The White House Council of Economic Advisers (CEA) released a formal analysis on April 9, 2026, concluding that allowing stablecoin issuers to pay yields to investors would have only a marginal effect on bank lending. This finding directly contradicts warnings from the banking industry that have stalled the CLARITY Act in the U.S. Senate Banking Committee since January 2026.
The CEA report projects that permitting stablecoin yield would increase bank lending by approximately $2.1 billion, or just 0.02% of total loans outstanding. This challenges the banking lobby's argument that yield-bearing stablecoins would trigger systemic deposit flight. The analysis also estimates that, in an extreme scenario, lending might increase by $531 billion, with large banks capturing about 76% of that increase and community banks gaining roughly $129 billion.
However, the report flags a significant consumer cost. It projects that restrictions on stablecoin rewards could shift about $800 million in annual costs to consumers, as value generated by reserve assets would not be passed on to token holders.

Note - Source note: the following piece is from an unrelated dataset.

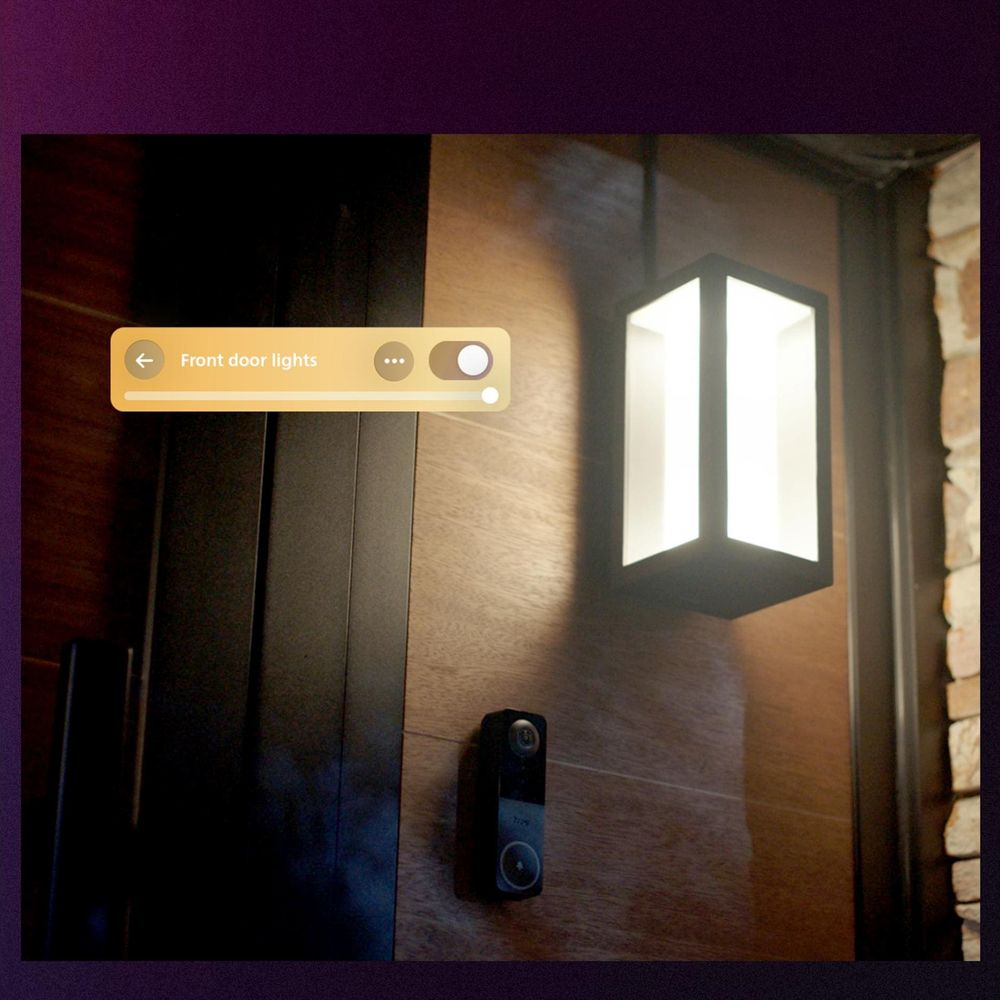 Vordertür mit smarter Türklingel, Licht und Steuerfeld-Overlay.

The analysis is seen as a deliberate intervention to accelerate the CLARITY Act's path out of committee by neutralizing the empirical foundation of banking-industry opposition. Treasury Secretary Scott Bessent has publicly urged lawmakers to pass the act, warning that unclear rules could shift innovation offshore. The debate centers on whether to extend the yield prohibition from the GENIUS Act—which requires stablecoin issuers to maintain a one-to-one reserve of assets like Treasuries—to third-party exchanges.
The findings impact key industry players. Circle's USDC and competitors could offer returns rivaling money market funds if yield pass-through is permitted, potentially shifting stablecoin market share. Coinbase's Chief Legal Officer, Paul Grewal, hailed the report as decisive, stating it found no evidence that stablecoin rewards lead to deposit flight. The fate of the CLARITY Act now rests with Senators Thom Tillis and Angela Alsobrooks, who reached a preliminary agreement with White House officials in March 2026 to address yield disputes.